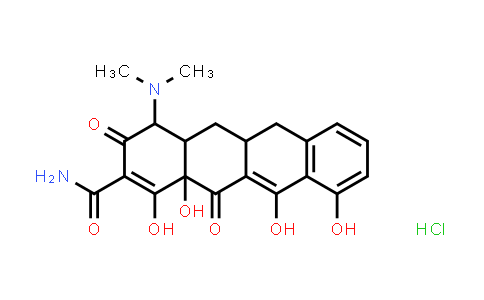 山環(huán)素鹽酸鹽
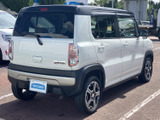 ハスラー X ターボ 4WD 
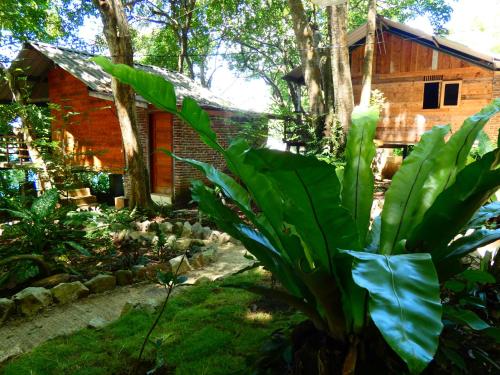 Santi Garden Bungalows, Sabang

+ + + + + + +

# DIRECTIONS FOR THIS TASK
With the pictures omitted, the material is to be transcribed exactly.

# YOUR SOLUTION
 山環(huán)素鹽酸鹽
 ハスラー X ターボ 4WD 
 Santi Garden Bungalows, Sabang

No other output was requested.